YOUR OBJECTIVE:
Each entry is to be retyped without alteration, and no picture is to be included.

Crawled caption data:
○ ○ ○ ○ ○

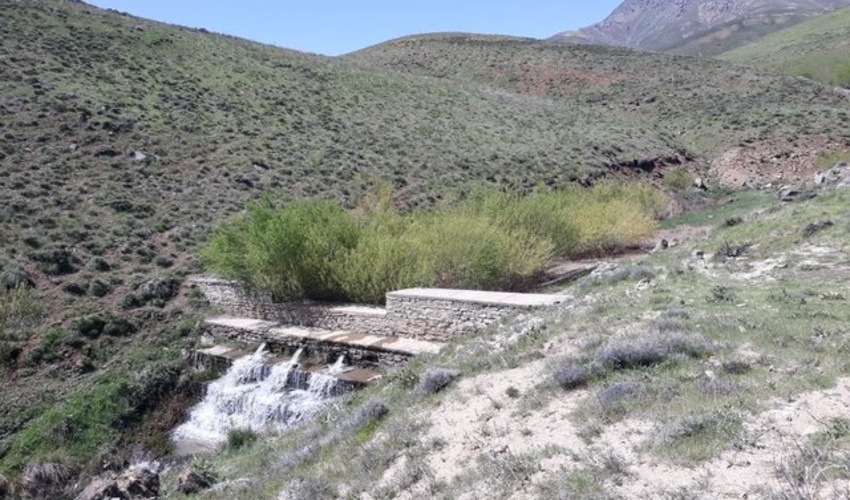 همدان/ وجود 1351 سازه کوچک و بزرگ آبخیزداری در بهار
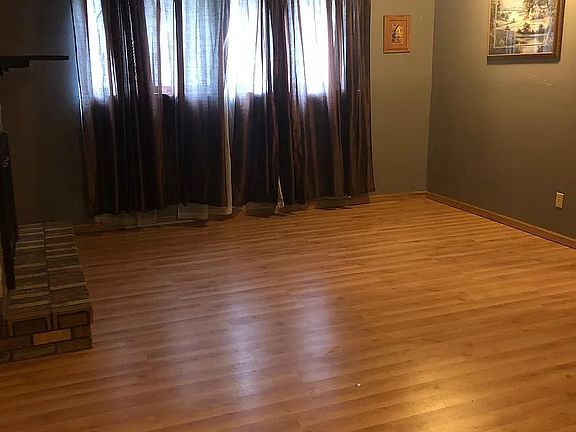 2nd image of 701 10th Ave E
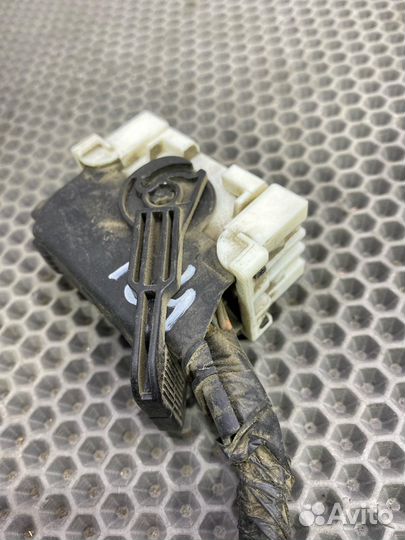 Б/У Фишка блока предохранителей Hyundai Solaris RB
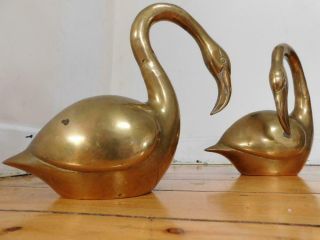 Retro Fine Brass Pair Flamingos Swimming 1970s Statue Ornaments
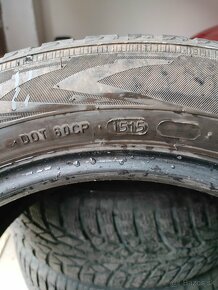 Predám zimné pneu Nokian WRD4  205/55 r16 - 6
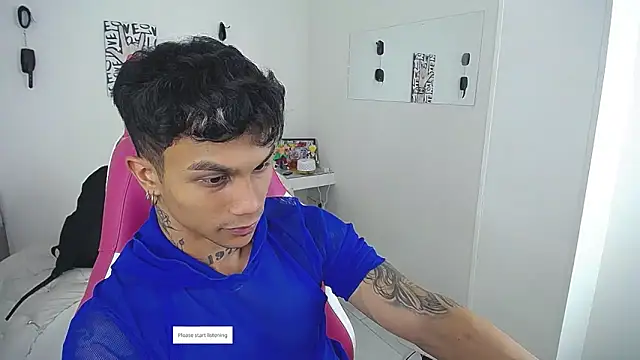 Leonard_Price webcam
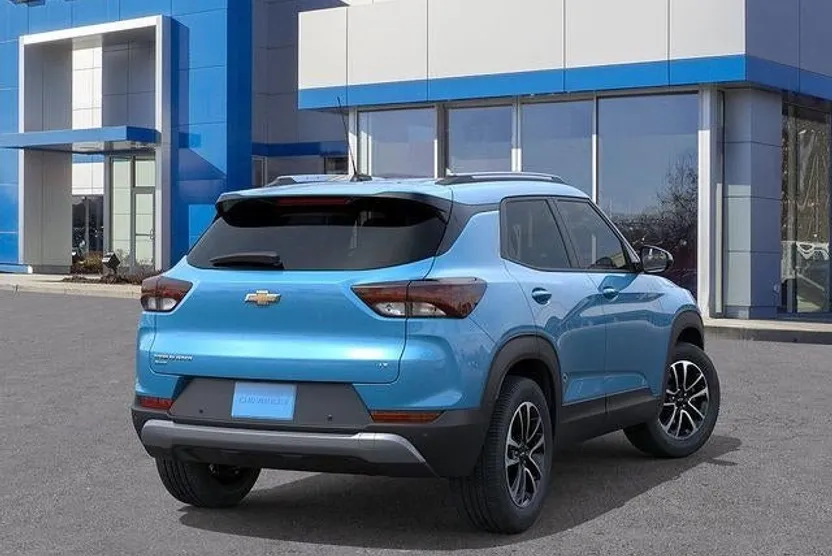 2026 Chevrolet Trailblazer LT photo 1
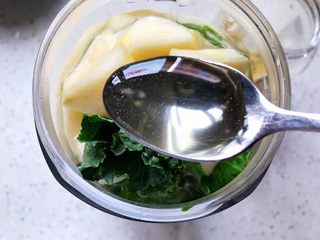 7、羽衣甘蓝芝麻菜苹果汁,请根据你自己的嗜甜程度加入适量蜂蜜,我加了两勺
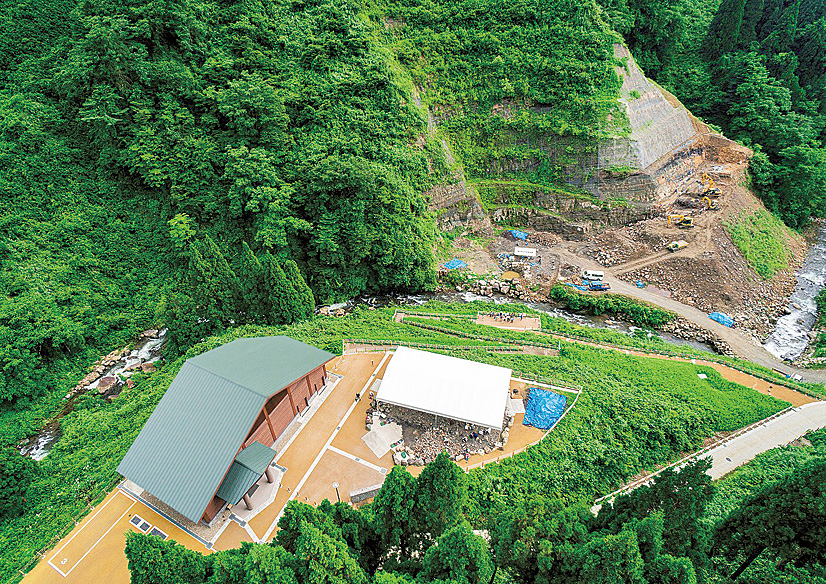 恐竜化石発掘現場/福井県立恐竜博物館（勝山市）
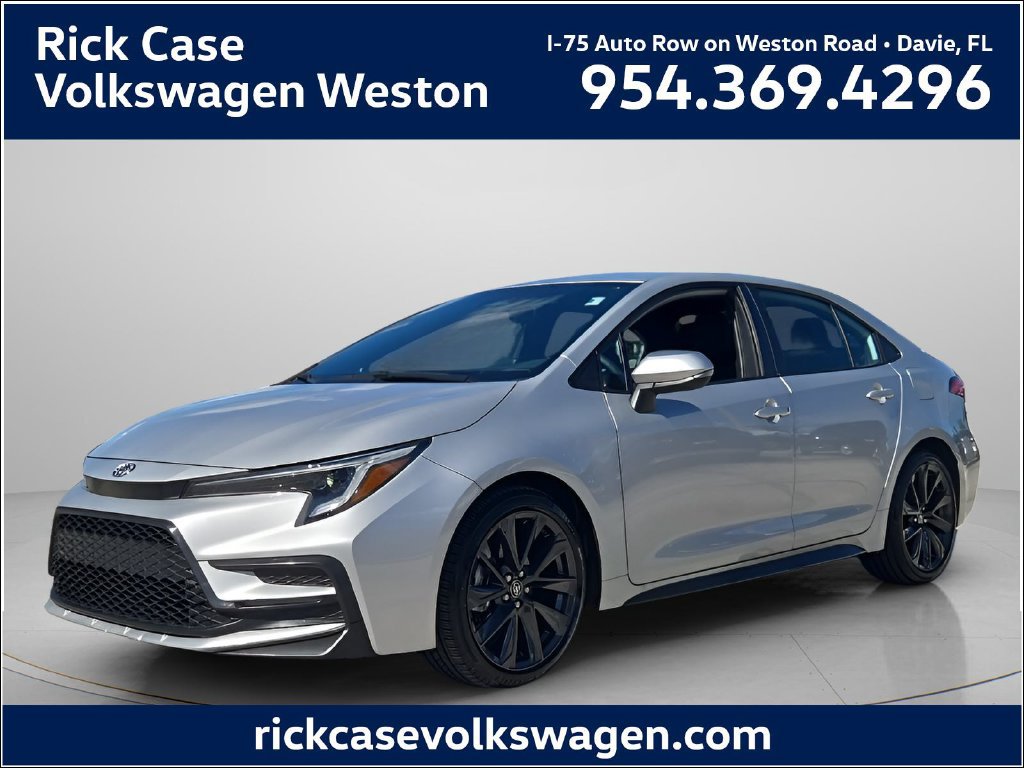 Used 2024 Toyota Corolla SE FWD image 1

○ ○ ○ ○ ○

ANSWER TO THIS TASK:
 همدان/ وجود 1351 سازه کوچک و بزرگ آبخیزداری در بهار
 2nd image of 701 10th Ave E
 Б/У Фишка блока предохранителей Hyundai Solaris RB
 Retro Fine Brass Pair Flamingos Swimming 1970s Statue Ornaments
 Predám zimné pneu Nokian WRD4  205/55 r16 - 6
 Leonard_Price webcam
 2026 Chevrolet Trailblazer LT photo 1
 7、羽衣甘蓝芝麻菜苹果汁,请根据你自己的嗜甜程度加入适量蜂蜜,我加了两勺
 恐竜化石発掘現場/福井県立恐竜博物館（勝山市）
 Used 2024 Toyota Corolla SE FWD image 1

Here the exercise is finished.